Gaydos notes that the new test is more expensive than traditional methods, costing around $75-$125, depending on a lab's existing equipment. In addition, the new test's use is limited by the fact that samples need to be sent to a PCR-capable lab, which can add hours or even days to the time before a diagnosis can be made. However, the economic advantages of using the new test may compensate for the upfront costs.
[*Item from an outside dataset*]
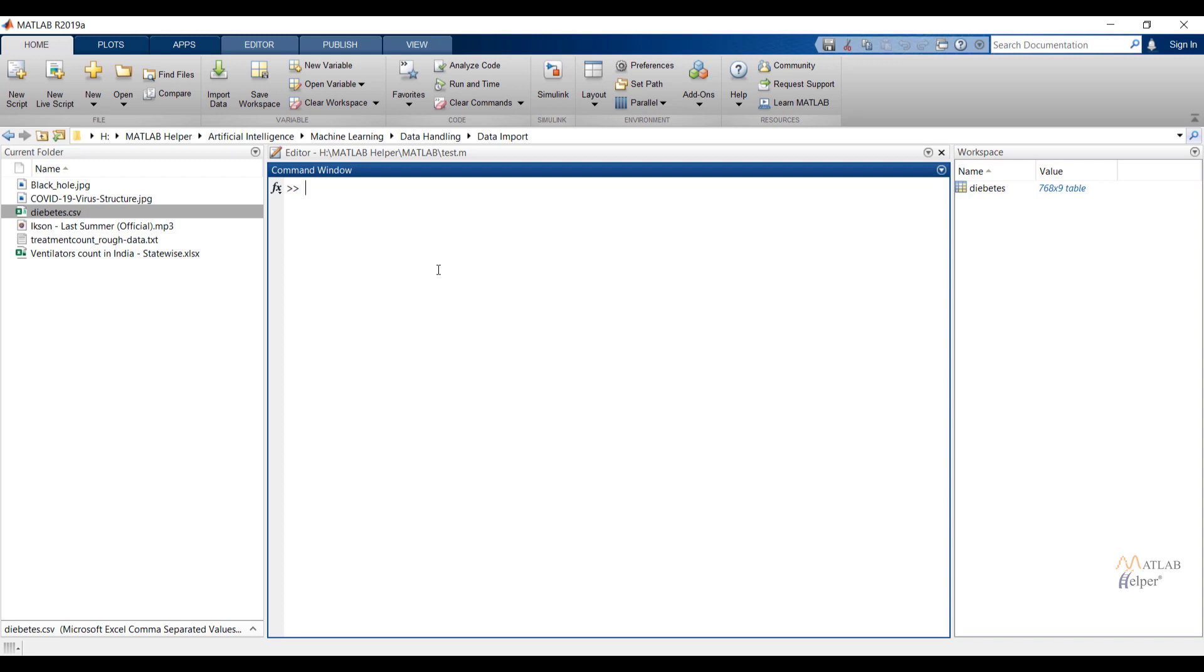In this video we have imported data interactively in MATLAB. In the next video we will see how to import data in MATLAB programmatically.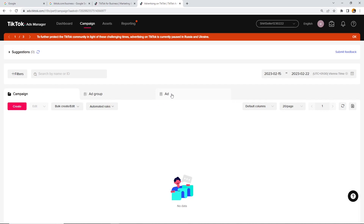In the next video we want to talk about the campaign goals, which is basically the objective I mentioned here. This is why we stay on this page, and in the next video we will click on the 'Create' button here just to start with the first campaign.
The test's objective results can provide more accurate and detailed diagnoses, which would reduce the number of repeat patient visits for the same illness, saving clinics valuable time and resources.
The new test's accuracy remains to be further evaluated because of the subjectivity of the traditional tests that were used for comparison. Gaydos says that, over time, traditional methods have been revealed to be less and less reliable, so the accuracy of the molecular test could be higher when compared with future testing options. In further studies, the research team hopes to develop a better version of the molecular tool that can provide faster results.
Other researchers involved in this study include Jenell Coleman, of the Johns Hopkins University School of Medicine; Sajo Beqaj, of Pathology Inc.; Jane R. Schwebke, of the University of Alabama at Birmingham; Joel Lebed, of Planned Parenthood Southeastern Pennsylvania; Bonnie Smith, of Planned Parenthood Gulf Coast; Thomas E. Davis, of the Sidney and Lois Eskenazi Hospital; Kenneth H. Fife, of the Indiana University School of Medicine; Paul Nyirjesy, of the Drexel University College of Medicine; Timothy Spurrell, of Planned Parenthood of Southern New England; Dorothy Furgerson, of Planned Parenthood Mar Monte; and Sonia Paradis and Charles K. Cooper, of BD Diagnostics.
Funding and materials described in this paper were provided by BD Diagnostics - TriPath. Dr. Gaydos is a paid speaker for BD Diagnostics - TriPath. This arrangement has been reviewed and approved by the Johns Hopkins University in accordance with its conflict-of-interest policies.